In this thesis, we focus on the Android ecosystem and study the landscape of privacy preservation of Android smartphones through three aspects, namely the operating system (OS) level, software development kit (SDK) level, and application level. For each level, we investigate if users’ privacy is comprehensively protected, share our insights into the status quo of privacy preservation, and provide our solution to strengthen existing privacy protection mechanisms. First, we investigate user privacy protection at the OS level. More specifically, how the OS protects the users’ unresettable identifiers (UUIs) from third-party apps’ illegal access. We conduct a systematic study on the effectiveness of the UUI safeguards on Android smartphones including both Android Open Source Project (AOSP) and Original Equipment Manufacturer (OEM) models. To facilitate our large-scale study, we propose a set of analysis techniques that discover and assess UUI access channels. Our approach features a hybrid analysis that consists of static program analysis of Android OS and forensic analysis of OS images to uncover access channels that may open an attacking opportunity.

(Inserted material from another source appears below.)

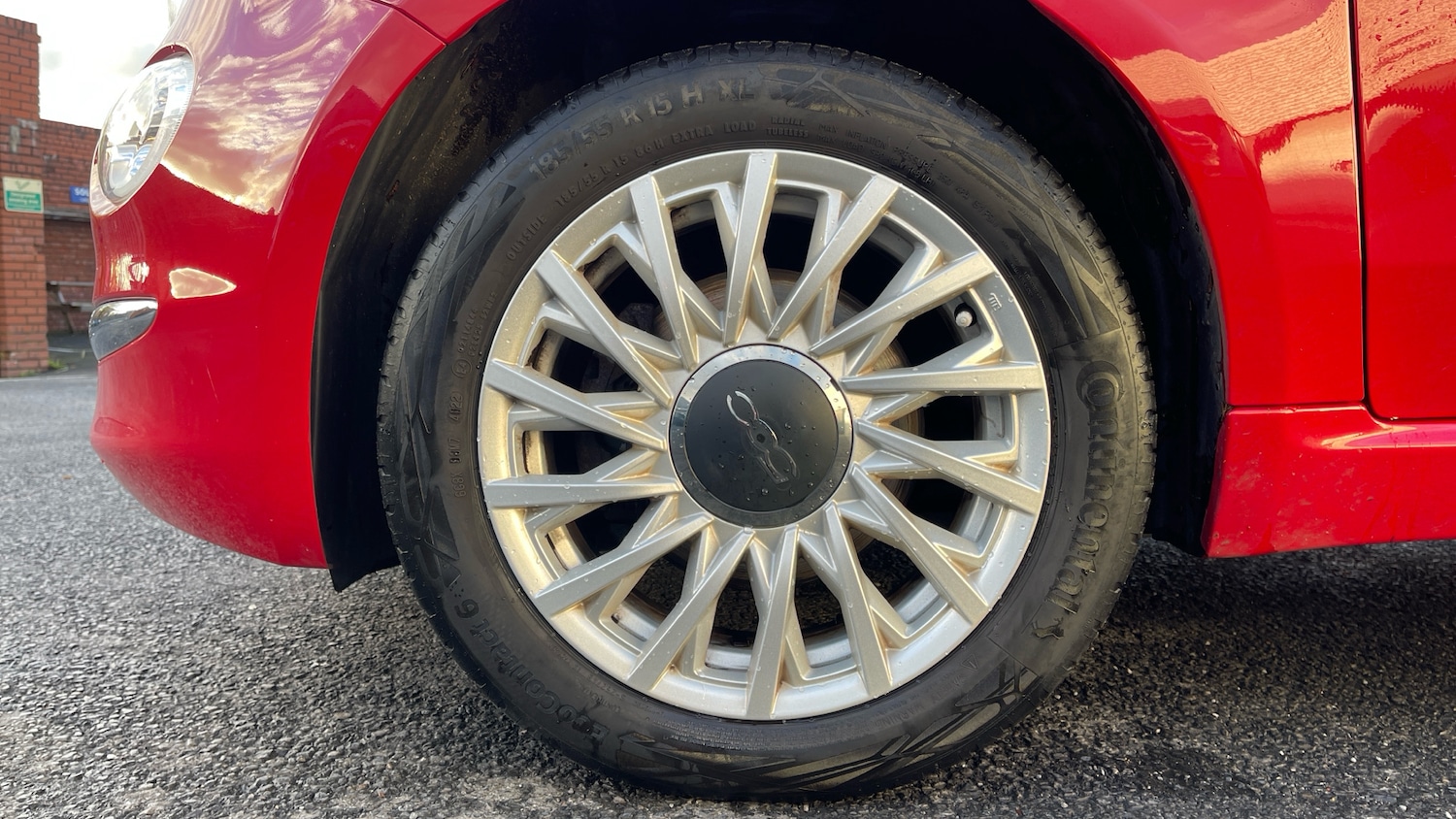 Used Fiat 500 2022 for sale - 76687011: Photo 17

Our study reveals that UUI mishandling pervasively exists, evidenced by 51 unique vulnerabilities found (8 listed by CVE).

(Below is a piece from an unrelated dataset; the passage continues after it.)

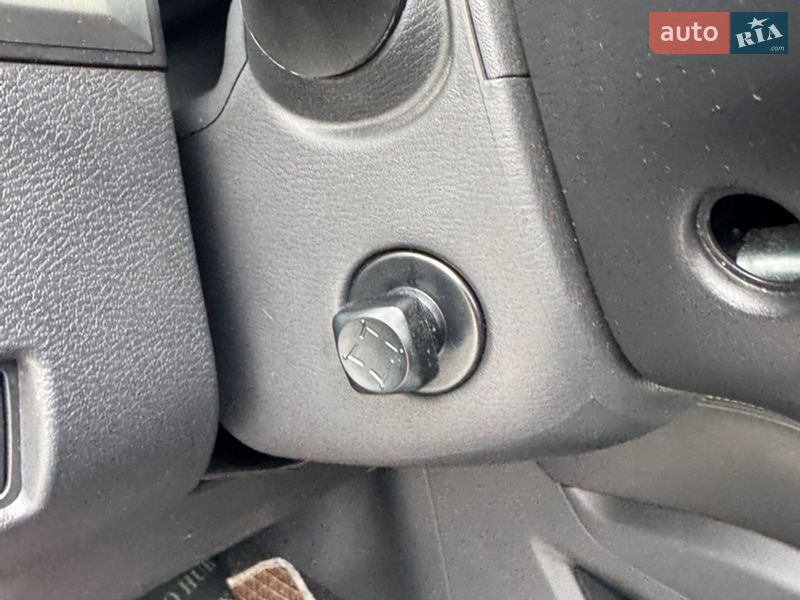 Позашляховик / Кросовер Nissan Murano 2019 в Києві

Second, we study privacy protection at the SDK level, aiming to gain insights into the landscape of privacy protection by Android third-party SDKs. Our privacy compliance assessment covers 158 SDKs from two release platforms. Our analysis leverages a large language model to interpret the SDK’s privacy policies and adopts static taint analysis to scrutinize their data handling practices. As a result, we identify 338 cases of privacy exposure from the collected SDKs, and reveal that approximately 37% of the examined SDKs are indulging in over-collecting users’ privacy data and 88% over-claims their access of sensitive data, largely due to a lack of proper development guidelines and inadequate management of the release platforms. In addition, we conduct a longitudinal analysis to explore the trend of privacy collection behaviours of these SDKs. Our results demonstrate a worrying phenomenon that no significant improvement is observed in terms of excessive data collection and sharing by these SDKs, even after the enactment of the GDPR. In light of our findings from the first two studies, we propose a few recommendations and mitigation strategies for manufacturers, developers, and authorities to suppress potential privacy leakage.

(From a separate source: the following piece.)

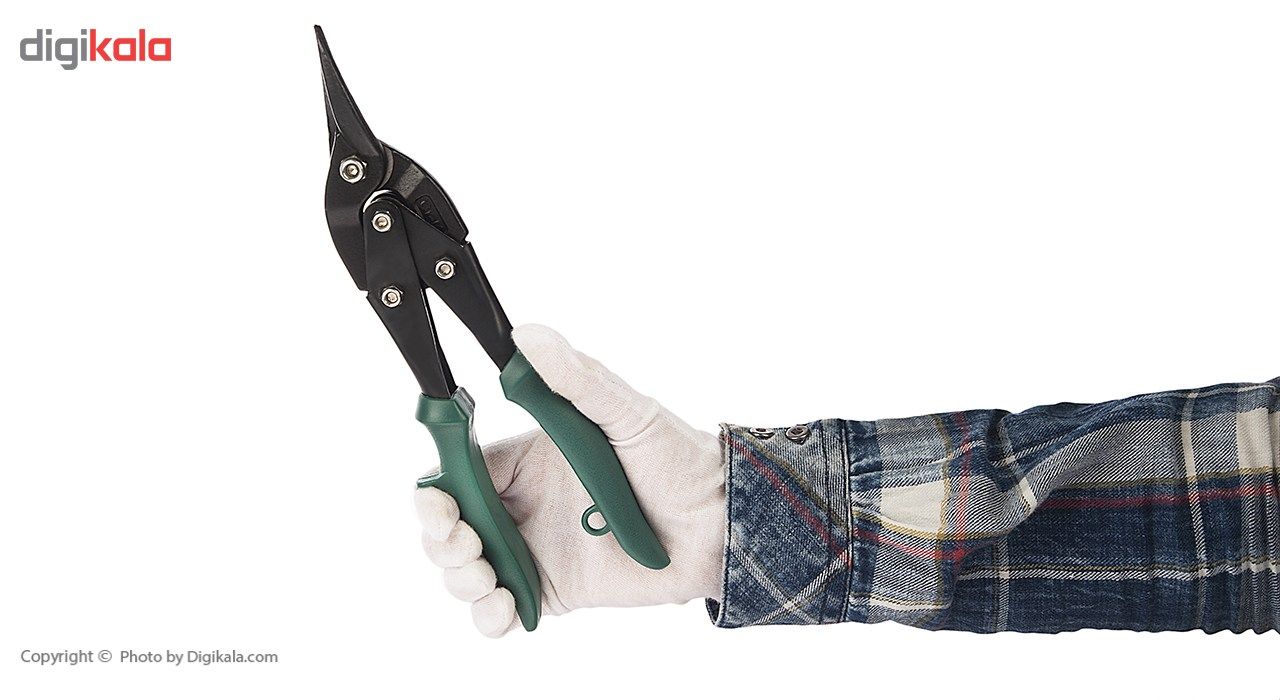 قیچی ورق بر راست بر فورسج مدل 698R248 main 1 4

Finally, we move our focus to the application level. We consider machine learning (ML) as one of the most popular data-hungry applications in nowadays world, and therefore, focus on federated learning (FL). FL is a typical ML paradigm that enables multiple lightweight devices to collaborate on complex learning tasks, demonstrating many promising use cases on mobile devices such as personalized input methods and healthcare services. It offers a novel solution to protect the confidentiality of users’ own datasets, however, is prone to Byzantine adversaries. Existing mitigating strategies either request users’ compromise in partially sharing their datasets or face practicality challenges, for example, knowing the exact number of malicious participants. For those reasons, we study the Byzantine-resilient FL without sharing participants’ private data and propose FLAP, a post-aggregation model pruning technique to enhance the Byzantine robustness of FL. Our approach aims to effectively disable the malicious and dormant components in the learned models. Our empirical evaluation demonstrates the effectiveness of FLAP in various settings. It reduces the error rate by up to 10.2% against the state-of-the-art adversarial models. Moreover, FLAP also manages to increase the average accuracy by up to 22.1% against different adversarial settings, mitigating the adversarial vii impacts while preserving learning fidelity.